Bug-Bounty-Jäger könnten bis zu 10 Bitcoins machen, um Sicherheitsprobleme auf dem beliebten dunklen Marktplatz Hansa zu identifizieren.

Auf einer Seite führender Technologieunternehmen, die Entwicklern, die Code-Probleme entdecken, Geldbeträge auszahlen, kündigten Administratoren für den Markt letzte Woche an, dass sie 10 BTC für "Schwachstellen bezahlen würden, die die Integrität von HANSA ernsthaft beeinträchtigen könnten". Das Programm wurde zuerst von CyberScoop gemeldet.

Für Fehler, die nicht so kritisch sind, sagten Admins, dass sie 1 BTC anbieten würden, wobei 0. 05 BTC für Anzeigeprobleme und andere kleinere Probleme auftauchen würde.

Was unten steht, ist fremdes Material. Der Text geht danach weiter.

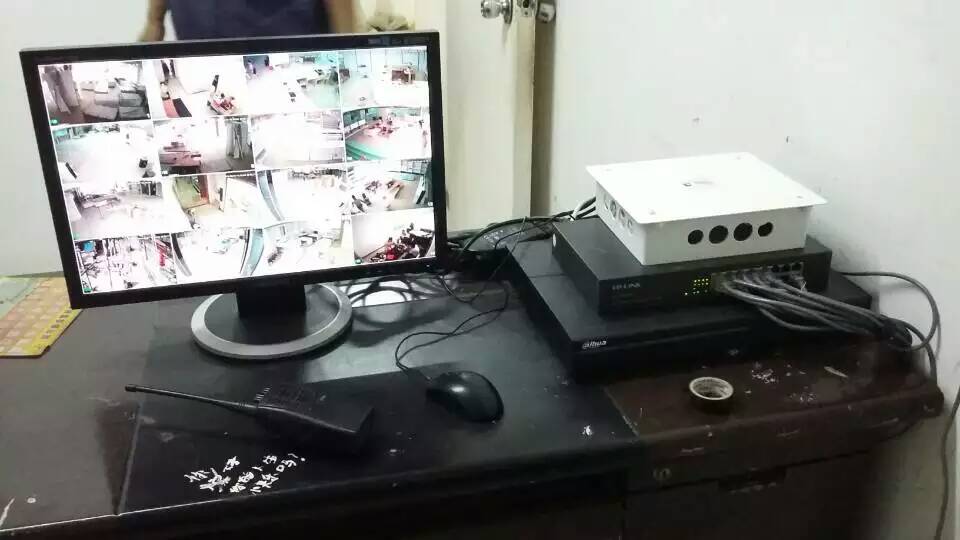 热烈祝贺汇缘服装城闭路监控工程安装完毕并交付使用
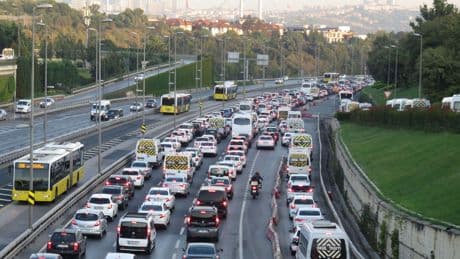 Bayrampaşa'da metrobüste yangın çıktı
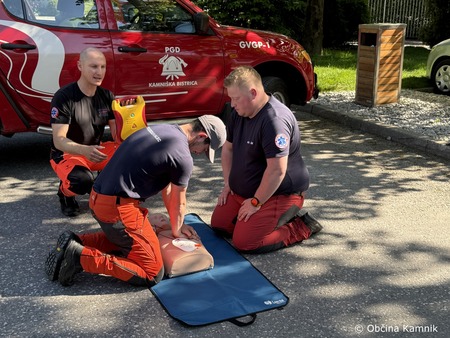 Delavnice oživljanja z AED Kamnik krepi verigo preživetja (12)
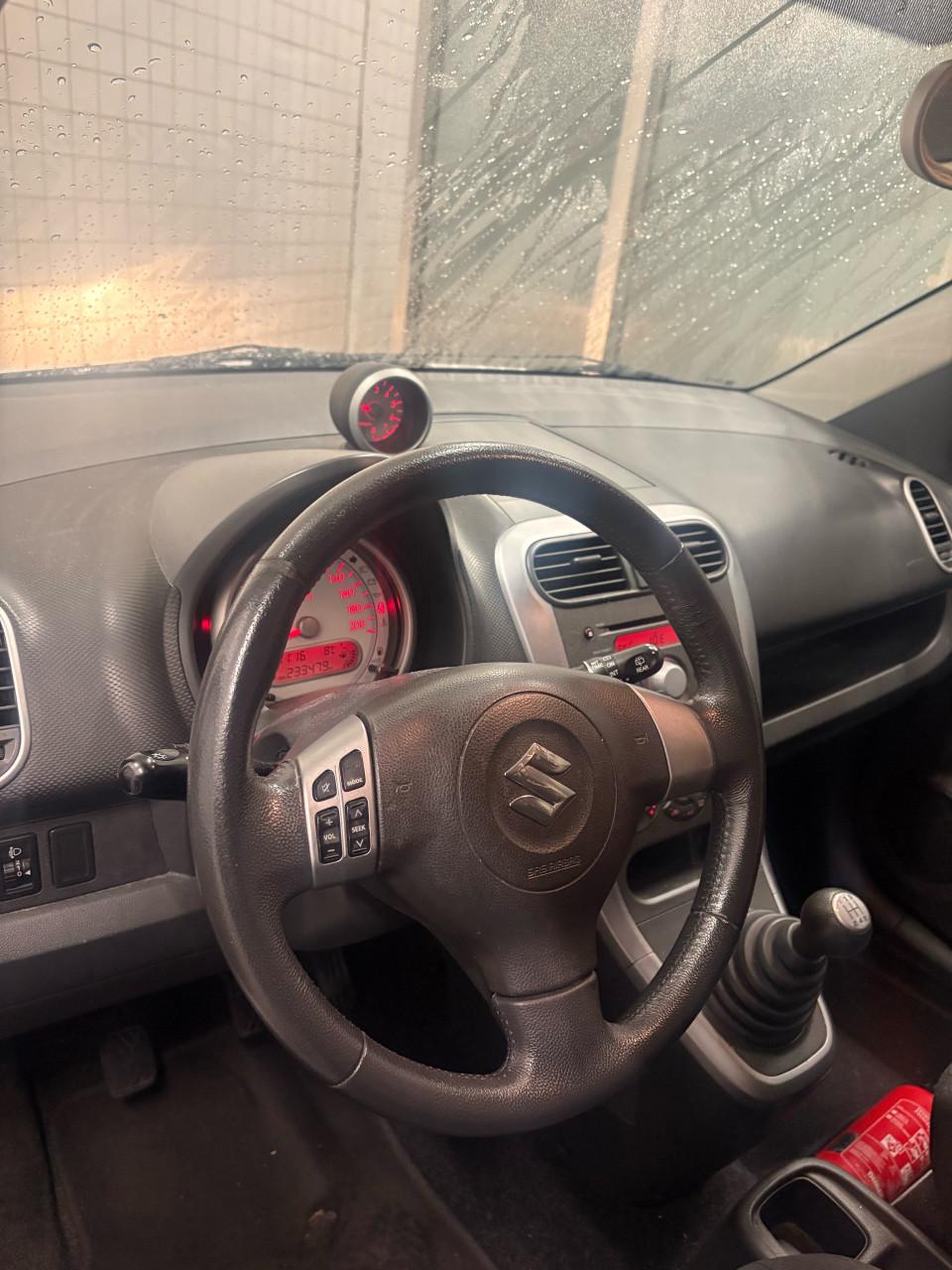 Suzuki Splash 1.2 benzine 2009 model met Airco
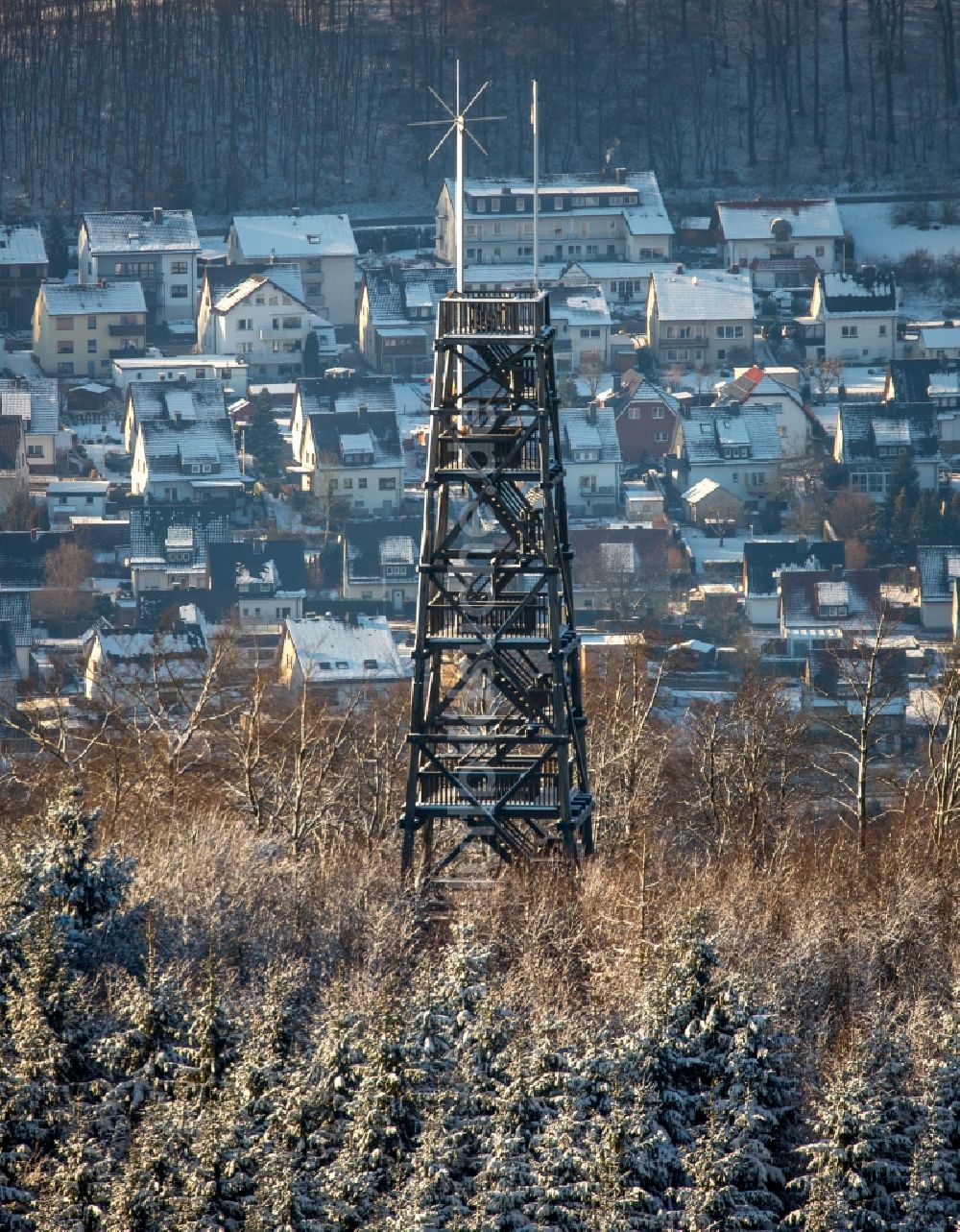 Luftaufnahme Meschede - Bauwerk des Aussichtsturmes Küppelturm im Waldgebiet in Meschede im Bundesland Nordrhein-Westfalen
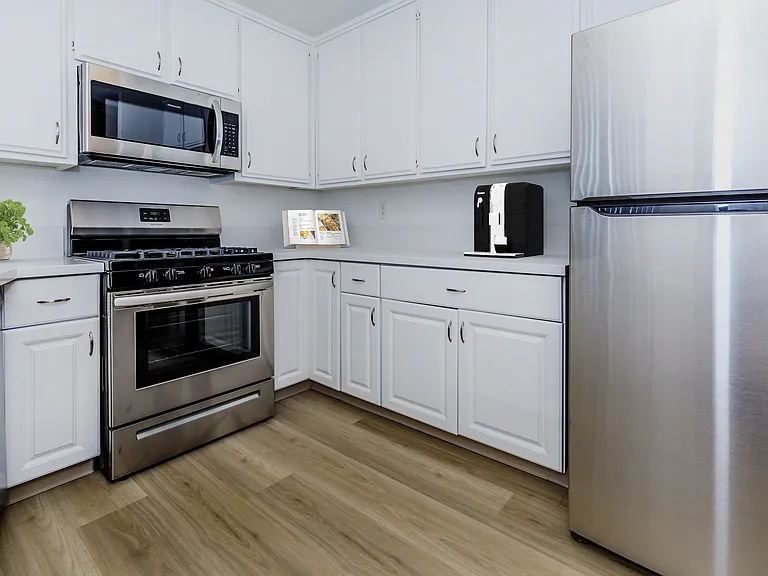 Brookside Apartments — Photo 11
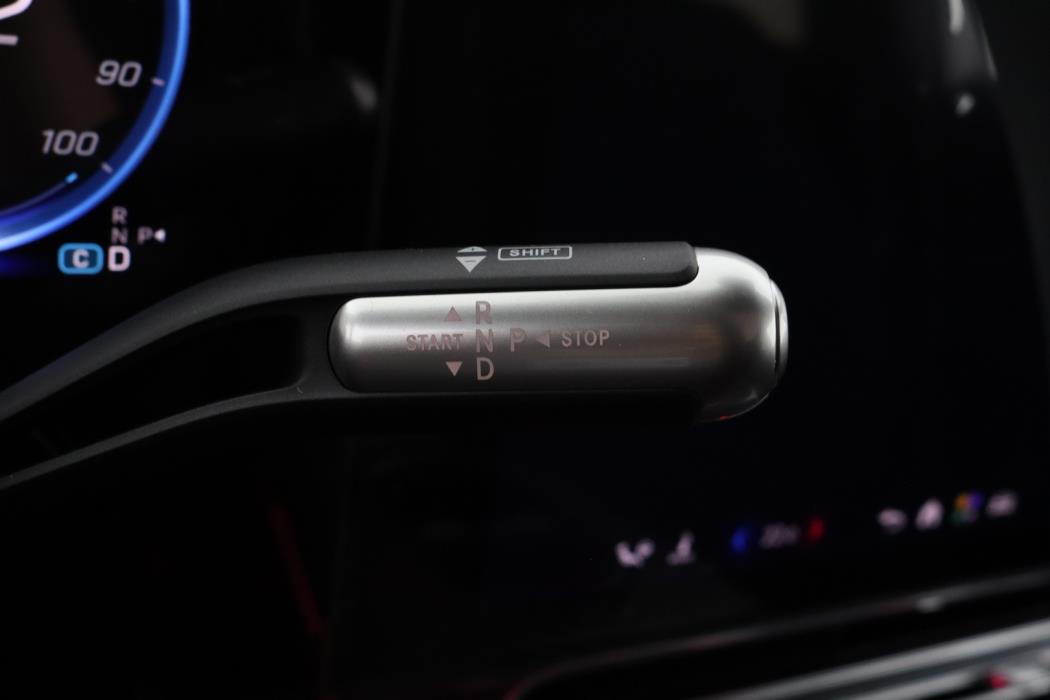 MERCEDES-BENZ GLB 2026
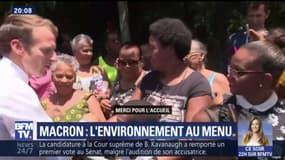 "Je veux mon bisou!", le sympathique comité d'accueil d'Emmanuel Macron en Guadeloupe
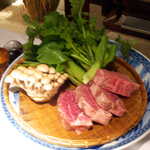 合掌レストラン 大藏 - 本日ステーキとなる素材のお披露目。室内が暗く、手ブレしちゃいました…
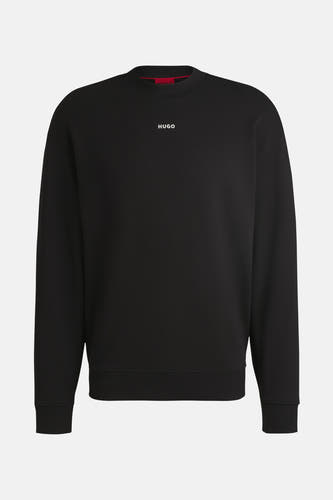 Sweat-shirt noir à col rond de HUGO, gros plan d'un homme aux cheveux afro.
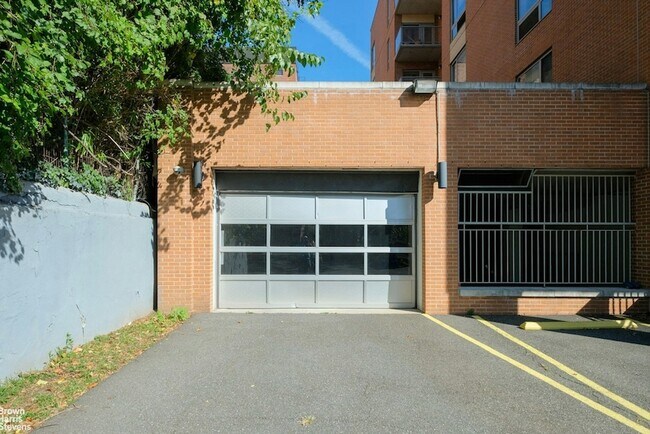 Building Photo - 3585 Greystone Ave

Es gibt jedoch Regeln für das Programm. Potenzielle Kopfgeldjäger werden gebeten, die Exploits nicht öffentlich zu machen, bevor sie den Betreibern des Marktes offengelegt werden, oder Angriffe vorzunehmen, die den Hanse-Nutzern schaden könnten. Je mehr Details zur Verfügung gestellt werden, desto höher ist die Chance, dass eine Auszahlung vergeben wird.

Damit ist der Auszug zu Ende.